"Está fuera de cuestión que la menor de las sanciones pueda ser levantada mientras un estrecho como el de Ormuz esté bloqueado", aseguró el jefe de la diplomacia gala en la radio RTL.
Barrot recordó que Teherán ha pedido que se levanten ciertas sanciones en el marco de las negociaciones de paz que mantiene con Estados Unidos, en contrapartida a las concesiones sobre sus programas balísticos y nucleares.
El ministro consideró "inaceptable" el bloqueo del estrecho y aseguró que no aceptarán que un país imponga derechos de travesía por una vía marítima, porque abriría la puerta al bloqueo del tráfico de mercancías y personas por el mundo.
Al mismo tiempo, exhortó al régimen iraní a "aceptar concesiones mayores" y a "un cambio radical de postura" para que "pueda vivir de manera pacífica en su entorno regional y que el pueblo iraní pueda construirse libremente".
"Un estrecho es un bien común de la humanidad y no puede, en ningún caso, ser bloqueado ni ser objeto de chantaje", aseguró Barrot, que consideró prioritaria la apertura de ese paso por el que circula el 20 % del petróleo mundial.
El jefe de la diplomacia gala recordó que el envío del portaaviones Charles de Gaulle a la zona responde a la voluntad de "dar crédito" a la misión internacional lanzada conjuntamente por París y Londres para asegurar el paso de mercancías por Ormuz una vez que se llegue a un acuerdo de paz, a la que ya se han adherido medio centenar de países.

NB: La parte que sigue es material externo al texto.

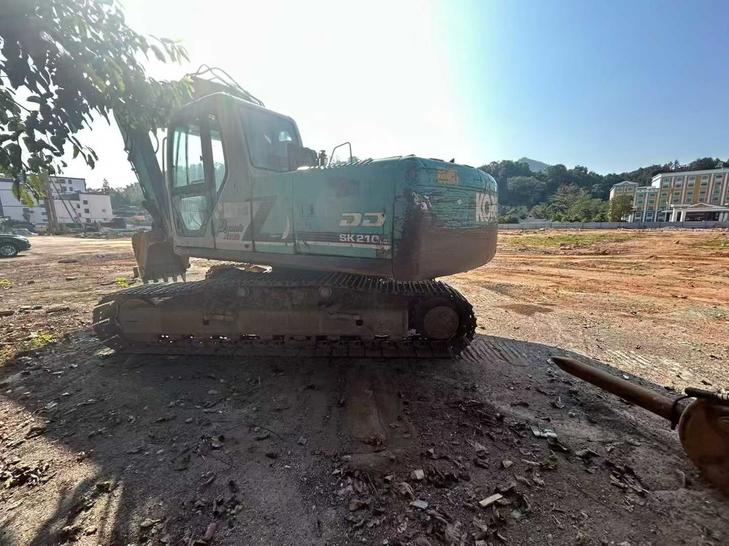 Buy Kobelco SK200-8 Used Excavator / 1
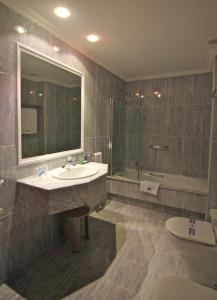 A bathroom at Hotel Almirante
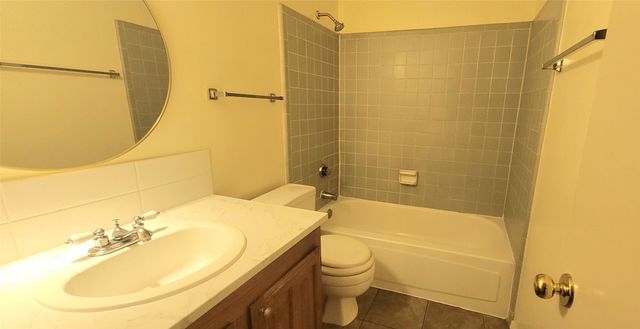 1057 Whitewater Trail, Desoto, TX 75115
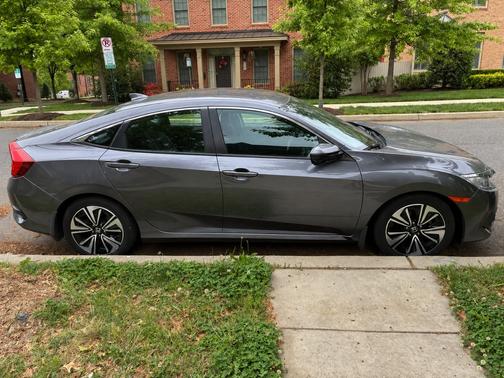 Gray 2017 Honda Civic EX-T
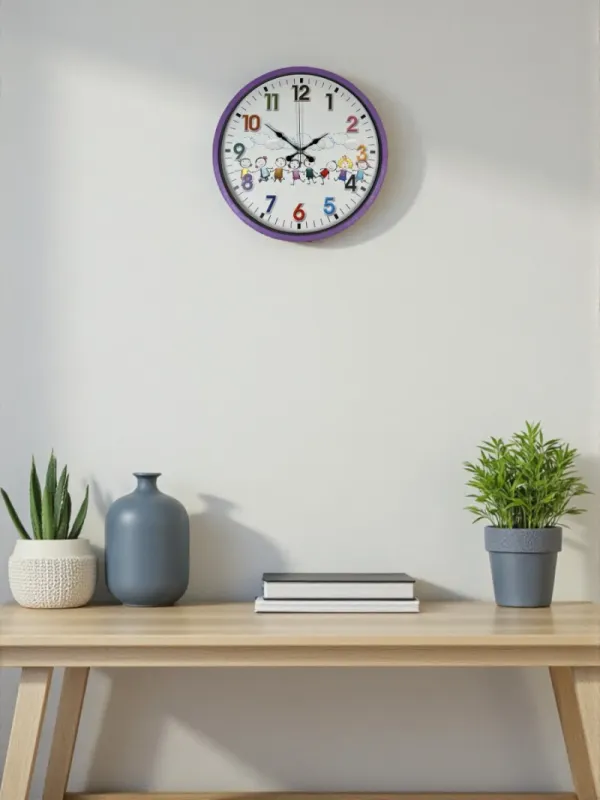 Çocuk Odası Mor Plastik Duvar Saati 36 cm · Model PP-3693Z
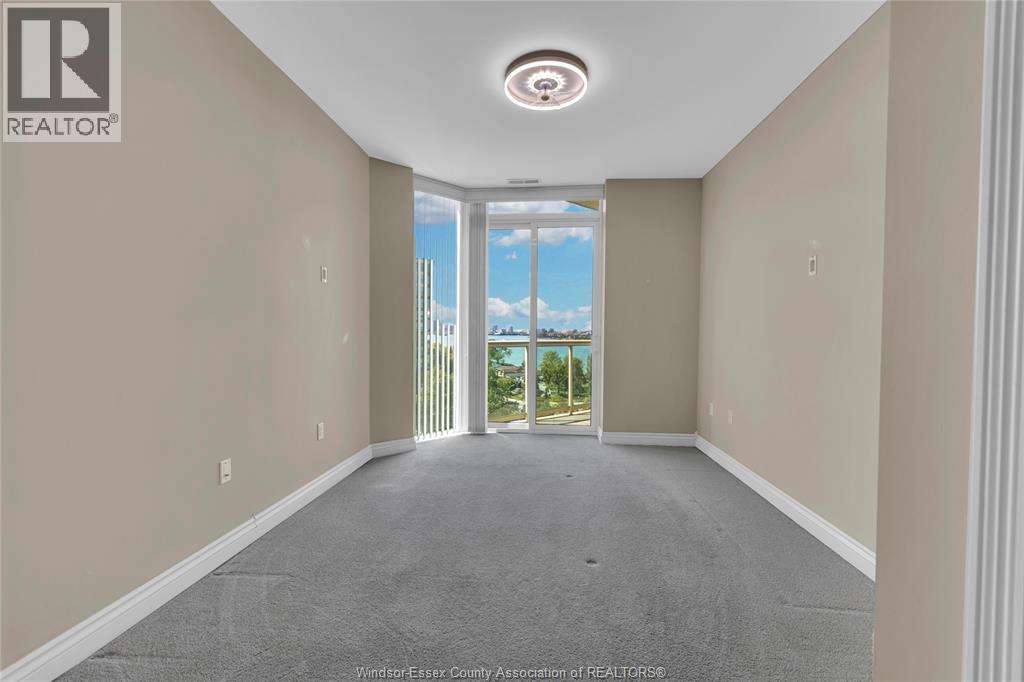 4955 Riverside Drive East Unit# 802, Windsor, ON - Indoor Photo Showing Other Room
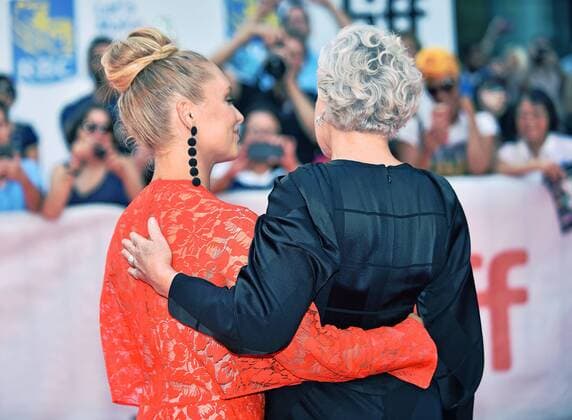 Glenn Close (R) and her daughter Annie Starke share a hug as they pose for a wall of fans before the world premiere screening of The Wife at Roy Thomson Hall during the Toronto International Film Festival in Toronto, Canada on September 14, 2017.  TOR2017091413 CHRISTINExCHEW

Barrot señaló que esa misión aportará "un sistema de desminado y escolta internacional independiente, estrictamente defensiva y pacífica".
"No es solo Francia, no es solo Europa, es el conjunto del mundo el que espera desesperadamente que la calma vuelva para que los daños colosales provocados en la economía puedan revertirse", explicó.
El ministro reiteró la condena a los ataques iraníes a barcos en el estrecho de Ormuz y a los países vecinos, como Emiratos Árabes Unidos.